An important change is my becoming a better Anthropologist.  Anthropology in relation to ethnography, to me, means removal of self for the greater good of a project or understanding of a group of people.  We learn this in school, in addition to critical thinking and best practices, but it’s easy to forget in day-to-day life.  Our gut reactions and upbringing play a role in all that we do.  Most of our interactions depend on our NOT dissolving our personality – our friends want to know what we think, colleagues want to know who we are.  Acting as a Faceless Man would draw suspicion.

But when conducting ethnography, it is best to fade oneself out.  This is hard to do, and it is obvious to a project when an Anthropologist is unable to do so.  At the beginning of the project, I found myself bumping against this wall like a piece of driftwood against the levee.  I knew that the wall needed to be dissolved, but I wasn’t sure how.  Most of the stories I was hearing weren’t in large conflict with myself, so the urgency wasn’t there.

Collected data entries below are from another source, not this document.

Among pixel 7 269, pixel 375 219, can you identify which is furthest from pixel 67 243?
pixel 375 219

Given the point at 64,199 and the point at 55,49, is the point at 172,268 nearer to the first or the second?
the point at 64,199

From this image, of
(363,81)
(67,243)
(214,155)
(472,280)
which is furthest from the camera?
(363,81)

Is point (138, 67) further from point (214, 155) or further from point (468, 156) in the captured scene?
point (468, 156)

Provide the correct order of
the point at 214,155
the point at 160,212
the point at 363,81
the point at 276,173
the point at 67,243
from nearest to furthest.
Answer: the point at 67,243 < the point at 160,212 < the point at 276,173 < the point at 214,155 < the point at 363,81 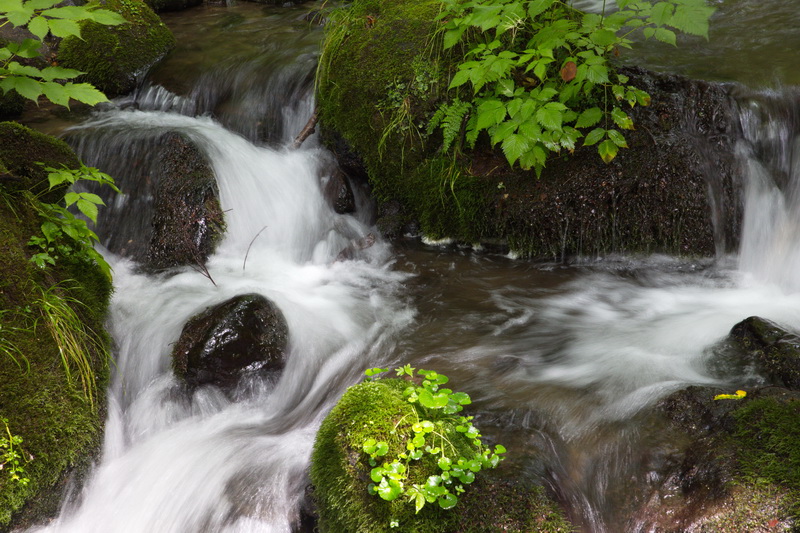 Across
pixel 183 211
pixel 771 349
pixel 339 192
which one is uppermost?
pixel 339 192

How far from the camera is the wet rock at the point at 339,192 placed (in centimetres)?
547

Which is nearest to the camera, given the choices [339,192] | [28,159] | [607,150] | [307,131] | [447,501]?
[447,501]

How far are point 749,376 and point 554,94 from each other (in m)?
2.15

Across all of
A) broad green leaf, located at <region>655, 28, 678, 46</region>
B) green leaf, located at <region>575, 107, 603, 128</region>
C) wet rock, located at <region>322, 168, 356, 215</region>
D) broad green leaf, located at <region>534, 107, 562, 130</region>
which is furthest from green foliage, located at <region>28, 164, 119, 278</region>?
broad green leaf, located at <region>655, 28, 678, 46</region>

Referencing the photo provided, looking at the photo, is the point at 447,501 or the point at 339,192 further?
the point at 339,192

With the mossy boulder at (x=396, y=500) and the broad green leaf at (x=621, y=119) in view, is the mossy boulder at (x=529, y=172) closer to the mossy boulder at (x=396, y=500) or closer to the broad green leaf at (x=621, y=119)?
the broad green leaf at (x=621, y=119)

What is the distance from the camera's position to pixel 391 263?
5023 millimetres

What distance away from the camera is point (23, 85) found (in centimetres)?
311

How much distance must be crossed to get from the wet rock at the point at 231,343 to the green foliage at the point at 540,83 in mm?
1875

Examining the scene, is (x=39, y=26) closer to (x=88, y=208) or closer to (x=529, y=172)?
(x=88, y=208)

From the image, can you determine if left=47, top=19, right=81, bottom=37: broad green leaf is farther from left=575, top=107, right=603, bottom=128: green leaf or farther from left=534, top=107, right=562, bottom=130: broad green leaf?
left=575, top=107, right=603, bottom=128: green leaf

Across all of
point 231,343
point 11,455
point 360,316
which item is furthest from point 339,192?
point 11,455

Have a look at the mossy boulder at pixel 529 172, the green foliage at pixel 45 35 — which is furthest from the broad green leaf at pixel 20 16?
the mossy boulder at pixel 529 172

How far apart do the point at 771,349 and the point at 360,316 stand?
102 inches
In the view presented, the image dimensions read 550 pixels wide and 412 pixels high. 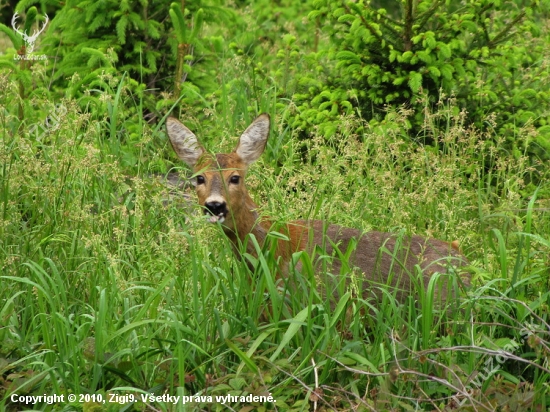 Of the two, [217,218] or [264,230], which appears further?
[264,230]

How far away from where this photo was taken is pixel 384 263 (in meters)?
6.05

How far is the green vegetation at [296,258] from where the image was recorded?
4301 millimetres

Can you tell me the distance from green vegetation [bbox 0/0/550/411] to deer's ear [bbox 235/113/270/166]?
0.23 meters

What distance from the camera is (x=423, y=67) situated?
7719 mm

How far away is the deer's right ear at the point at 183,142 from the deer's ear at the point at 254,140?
0.86 ft

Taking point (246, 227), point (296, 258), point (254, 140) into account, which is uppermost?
point (296, 258)

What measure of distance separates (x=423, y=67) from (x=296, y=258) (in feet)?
11.7

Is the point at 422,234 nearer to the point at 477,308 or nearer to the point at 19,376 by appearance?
the point at 477,308

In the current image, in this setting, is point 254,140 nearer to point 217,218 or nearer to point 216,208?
point 216,208

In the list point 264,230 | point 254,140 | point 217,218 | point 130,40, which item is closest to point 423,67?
point 254,140

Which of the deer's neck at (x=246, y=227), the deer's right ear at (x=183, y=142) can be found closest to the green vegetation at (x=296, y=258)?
the deer's neck at (x=246, y=227)

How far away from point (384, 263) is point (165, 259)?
143 cm

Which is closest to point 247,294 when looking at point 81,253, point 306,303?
point 306,303

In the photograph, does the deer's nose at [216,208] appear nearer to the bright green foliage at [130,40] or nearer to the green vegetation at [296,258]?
the green vegetation at [296,258] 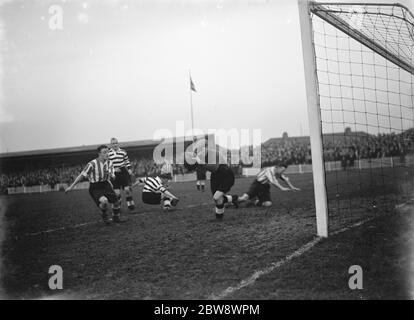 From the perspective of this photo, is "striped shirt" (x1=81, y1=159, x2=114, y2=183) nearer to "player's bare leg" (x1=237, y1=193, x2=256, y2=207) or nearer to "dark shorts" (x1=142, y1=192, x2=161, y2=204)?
"dark shorts" (x1=142, y1=192, x2=161, y2=204)

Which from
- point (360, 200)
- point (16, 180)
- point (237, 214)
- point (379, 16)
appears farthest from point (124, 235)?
point (16, 180)

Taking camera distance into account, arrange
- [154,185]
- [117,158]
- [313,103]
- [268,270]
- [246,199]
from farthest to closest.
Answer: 1. [117,158]
2. [154,185]
3. [246,199]
4. [313,103]
5. [268,270]

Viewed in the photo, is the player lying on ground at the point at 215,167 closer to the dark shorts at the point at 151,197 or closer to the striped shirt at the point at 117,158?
the dark shorts at the point at 151,197

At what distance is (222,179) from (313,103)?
2174 mm

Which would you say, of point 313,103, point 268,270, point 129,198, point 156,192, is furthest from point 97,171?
point 313,103

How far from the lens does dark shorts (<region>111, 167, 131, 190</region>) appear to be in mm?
7105

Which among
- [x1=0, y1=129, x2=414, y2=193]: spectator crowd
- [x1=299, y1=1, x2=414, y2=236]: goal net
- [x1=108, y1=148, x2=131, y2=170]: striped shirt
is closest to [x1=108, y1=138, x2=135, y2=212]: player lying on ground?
[x1=108, y1=148, x2=131, y2=170]: striped shirt

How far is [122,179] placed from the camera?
729 centimetres

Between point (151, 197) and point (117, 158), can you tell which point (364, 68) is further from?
point (117, 158)

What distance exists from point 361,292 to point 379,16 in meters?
3.69

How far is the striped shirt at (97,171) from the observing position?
18.5 feet

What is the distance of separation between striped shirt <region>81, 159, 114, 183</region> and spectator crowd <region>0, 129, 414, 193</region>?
16.8 ft

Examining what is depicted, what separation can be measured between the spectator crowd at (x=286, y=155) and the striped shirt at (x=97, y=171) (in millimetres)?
5126

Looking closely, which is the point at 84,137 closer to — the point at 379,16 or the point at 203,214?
the point at 203,214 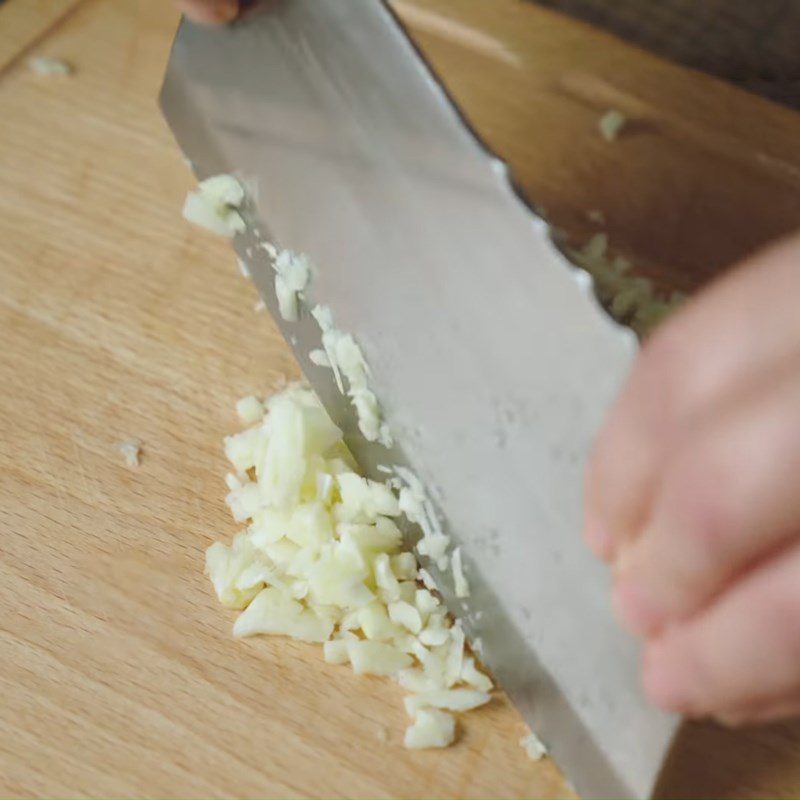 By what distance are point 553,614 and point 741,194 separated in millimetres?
607

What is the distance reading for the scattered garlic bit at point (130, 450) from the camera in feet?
3.05

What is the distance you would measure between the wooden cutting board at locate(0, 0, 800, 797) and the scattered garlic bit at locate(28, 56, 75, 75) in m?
0.02

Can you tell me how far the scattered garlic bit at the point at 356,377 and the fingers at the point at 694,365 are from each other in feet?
0.94

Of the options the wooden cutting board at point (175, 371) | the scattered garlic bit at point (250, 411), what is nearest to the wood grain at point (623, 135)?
the wooden cutting board at point (175, 371)

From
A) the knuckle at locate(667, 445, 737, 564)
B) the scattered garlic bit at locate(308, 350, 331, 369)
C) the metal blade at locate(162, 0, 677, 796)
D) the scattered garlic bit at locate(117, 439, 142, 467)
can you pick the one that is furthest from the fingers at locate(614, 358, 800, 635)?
the scattered garlic bit at locate(117, 439, 142, 467)

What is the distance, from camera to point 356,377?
0.87 m

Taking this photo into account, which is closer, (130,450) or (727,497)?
(727,497)

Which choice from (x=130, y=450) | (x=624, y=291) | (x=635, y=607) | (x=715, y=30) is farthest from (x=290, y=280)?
(x=715, y=30)

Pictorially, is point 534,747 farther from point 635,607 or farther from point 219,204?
point 219,204

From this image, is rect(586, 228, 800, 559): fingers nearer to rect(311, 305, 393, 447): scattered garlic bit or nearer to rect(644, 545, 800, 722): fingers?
rect(644, 545, 800, 722): fingers

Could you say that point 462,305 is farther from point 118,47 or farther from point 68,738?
point 118,47

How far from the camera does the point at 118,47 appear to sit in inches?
47.8

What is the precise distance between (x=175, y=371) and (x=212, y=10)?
336mm

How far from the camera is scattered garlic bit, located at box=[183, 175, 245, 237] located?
0.97 metres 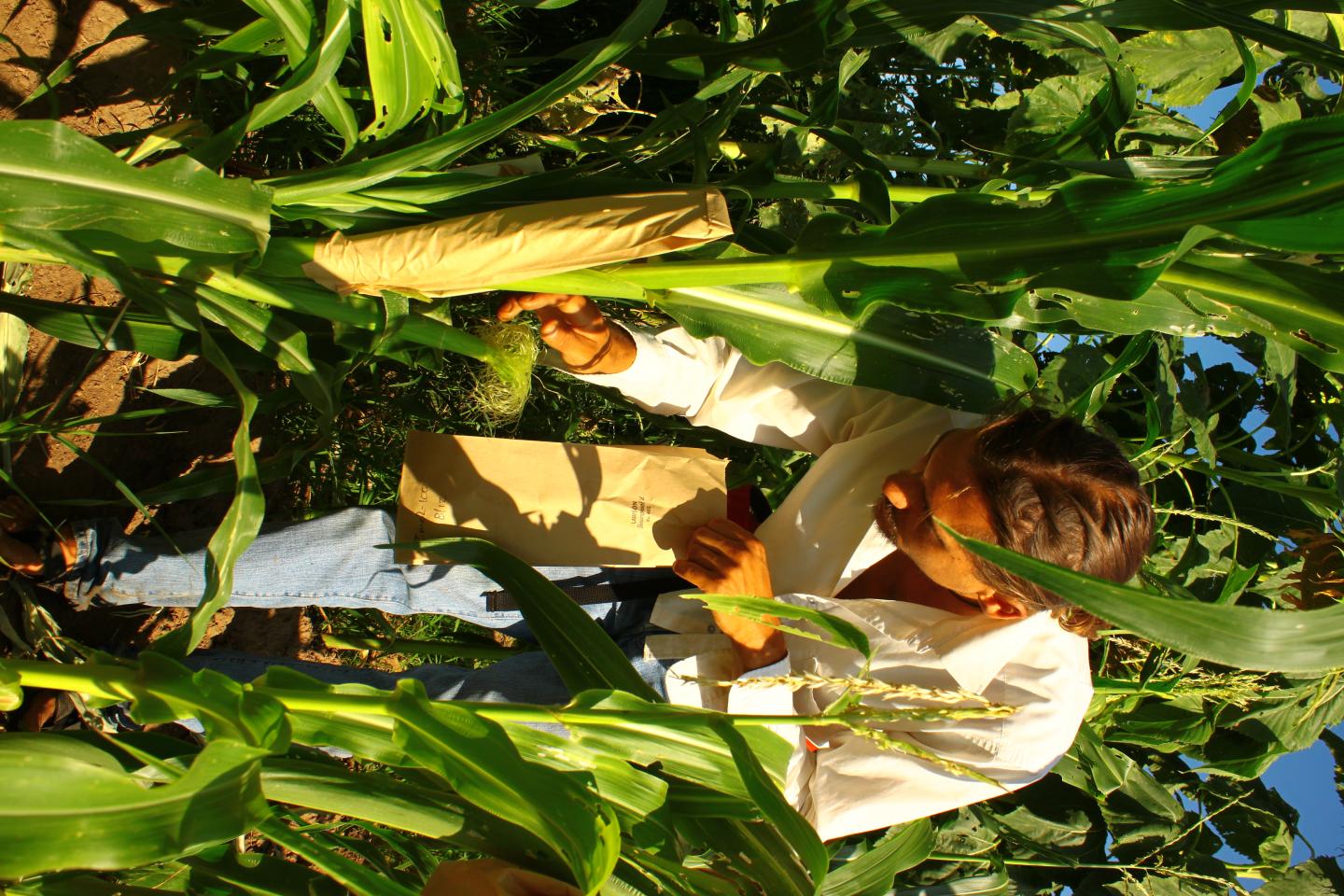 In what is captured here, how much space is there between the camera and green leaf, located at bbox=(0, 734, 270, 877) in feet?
2.49

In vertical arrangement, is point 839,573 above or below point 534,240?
below

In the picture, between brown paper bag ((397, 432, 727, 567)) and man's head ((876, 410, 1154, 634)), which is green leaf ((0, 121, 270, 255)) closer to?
brown paper bag ((397, 432, 727, 567))

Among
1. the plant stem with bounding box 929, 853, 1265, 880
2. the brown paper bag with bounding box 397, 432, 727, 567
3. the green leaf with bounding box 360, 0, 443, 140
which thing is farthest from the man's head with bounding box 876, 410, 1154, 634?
the plant stem with bounding box 929, 853, 1265, 880

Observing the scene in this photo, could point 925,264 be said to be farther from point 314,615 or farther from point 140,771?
point 314,615

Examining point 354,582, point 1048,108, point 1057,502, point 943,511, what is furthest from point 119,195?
point 1048,108

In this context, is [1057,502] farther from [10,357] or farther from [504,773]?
[10,357]

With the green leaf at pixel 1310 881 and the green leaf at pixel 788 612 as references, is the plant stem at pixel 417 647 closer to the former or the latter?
the green leaf at pixel 788 612

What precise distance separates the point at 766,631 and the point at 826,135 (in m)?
0.96

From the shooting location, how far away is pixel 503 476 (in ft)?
5.06

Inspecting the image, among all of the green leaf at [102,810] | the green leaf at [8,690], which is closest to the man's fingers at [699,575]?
the green leaf at [102,810]

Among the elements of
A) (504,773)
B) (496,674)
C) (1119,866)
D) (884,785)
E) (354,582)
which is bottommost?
(1119,866)

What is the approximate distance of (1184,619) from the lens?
0.86m

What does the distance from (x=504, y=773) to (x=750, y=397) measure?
1075mm

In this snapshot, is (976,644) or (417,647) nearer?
(976,644) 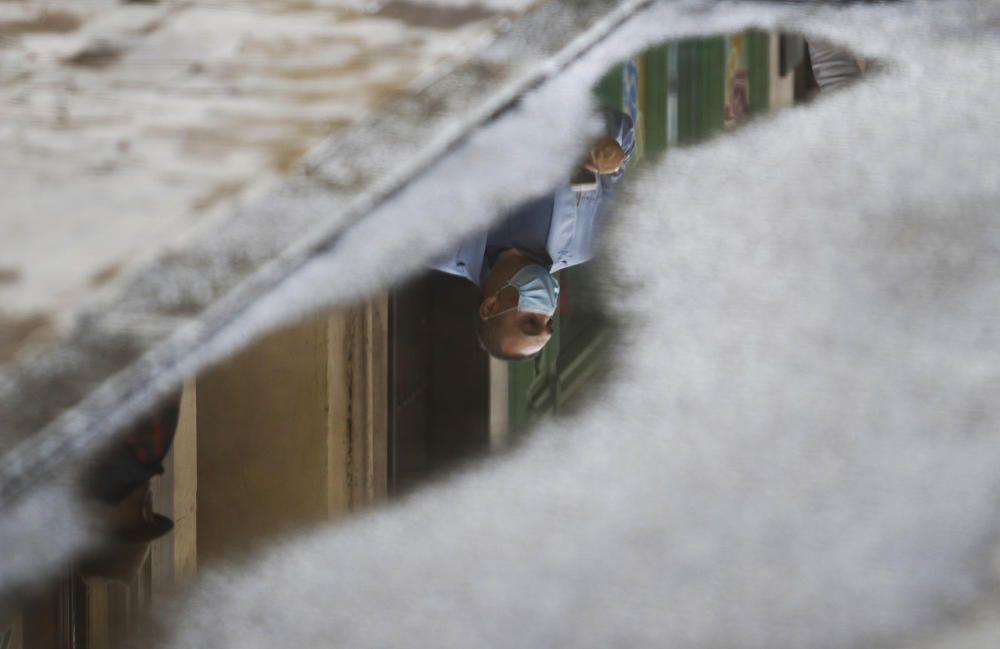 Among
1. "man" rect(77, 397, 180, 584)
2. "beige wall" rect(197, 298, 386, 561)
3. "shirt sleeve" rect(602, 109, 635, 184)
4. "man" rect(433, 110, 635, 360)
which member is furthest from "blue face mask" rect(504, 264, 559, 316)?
"man" rect(77, 397, 180, 584)

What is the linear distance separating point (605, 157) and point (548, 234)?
0.22 metres

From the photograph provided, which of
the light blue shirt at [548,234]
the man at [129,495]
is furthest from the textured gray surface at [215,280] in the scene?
the light blue shirt at [548,234]

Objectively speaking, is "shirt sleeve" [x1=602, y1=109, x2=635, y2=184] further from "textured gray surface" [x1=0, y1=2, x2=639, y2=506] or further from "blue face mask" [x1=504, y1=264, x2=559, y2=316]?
"blue face mask" [x1=504, y1=264, x2=559, y2=316]

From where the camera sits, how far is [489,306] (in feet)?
5.62

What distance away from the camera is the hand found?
6.47 ft

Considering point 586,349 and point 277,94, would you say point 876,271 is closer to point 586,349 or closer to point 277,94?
point 586,349

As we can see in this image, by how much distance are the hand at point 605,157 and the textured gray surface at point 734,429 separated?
0.16ft

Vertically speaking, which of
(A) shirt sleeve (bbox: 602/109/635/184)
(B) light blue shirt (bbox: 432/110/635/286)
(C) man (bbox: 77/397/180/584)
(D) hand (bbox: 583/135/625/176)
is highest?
(A) shirt sleeve (bbox: 602/109/635/184)

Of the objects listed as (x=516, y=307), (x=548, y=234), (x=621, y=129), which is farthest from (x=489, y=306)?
(x=621, y=129)

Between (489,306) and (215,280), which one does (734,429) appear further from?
(215,280)

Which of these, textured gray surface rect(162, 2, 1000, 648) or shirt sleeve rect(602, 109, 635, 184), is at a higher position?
shirt sleeve rect(602, 109, 635, 184)

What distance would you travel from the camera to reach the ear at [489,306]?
1.70 m

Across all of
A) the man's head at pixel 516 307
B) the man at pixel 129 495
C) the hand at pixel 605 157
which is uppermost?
the hand at pixel 605 157

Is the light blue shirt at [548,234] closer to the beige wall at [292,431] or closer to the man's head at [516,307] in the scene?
the man's head at [516,307] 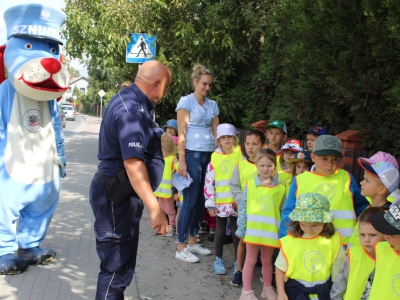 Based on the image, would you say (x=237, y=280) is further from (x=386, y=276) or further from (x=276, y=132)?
(x=386, y=276)

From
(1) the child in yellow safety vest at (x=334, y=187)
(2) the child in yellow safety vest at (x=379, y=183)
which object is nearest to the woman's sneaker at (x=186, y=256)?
(1) the child in yellow safety vest at (x=334, y=187)

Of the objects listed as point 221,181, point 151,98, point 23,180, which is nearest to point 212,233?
point 221,181

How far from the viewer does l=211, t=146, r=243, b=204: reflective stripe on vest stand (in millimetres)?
5559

The challenge came when I was in the South.  It is a cliché that the South is religious, but several of my interviews took that slant.  Some even went so far as to be anti-other-religion, which is hard for me to support.  This is where my levee finally broke.  You see, this project isn’t about me.  I am just a conduit.  I had felt as such at the beginning, that I was being given these stories in trust that I would direct their flow with care to their final destination.  Now I had stories I didn’t necessarily agree with.

I’ve always said I want to be able to represent a people or situation as accurately as possible, without sensationalizing as the news does.  For me to remove any part of a story because I didn’t agree with it would be falling into the very habits for which I frown upon the news.  It would also negate the trust I am building with the participants.  My walls are down, and it feels good.


When I started the project, I thought I might do best if I crowdsourced the stories.  I don’t know all 300 Million Americans.  After circulating the project in my own city, and getting a little local PR, nothing happened.  Not one story came through.  So I started calling friends.

This is where the snowball effect began.  I currently have five stories yet to transcribe, and fifteen more scheduled in the coming month.  The national map is growing, too.  I’m confident that the project will reach a critical mass wherein strangers will begin referring interviews as well, but it’s not there, yet.

The best part of all this is reconnecting with people I haven’t spoken with in a long time.  I am calling friends all over the country, people I have loved.  Hearing their voices, catching up on lives, leaves me a bit stunned.  Why in the world did I ever stop talking to them?  I don’t mean Facebook talking.  I mean really talking on a personal level.  Sending full messages, and spending the time on a phone call.

This project is overwhelmingly about connections.  It is about adding flesh and blood to the cold fact bones of history.  I am so lucky that a side effect of this is enriching my own connections once more.

Yesterday morning I had the pleasure of sitting down with Shelley Irwin, WGVU’s Morning Show hostess.  We discussed the Untold Stories project and its needs – namely, the need to find more West Michigan interviewees.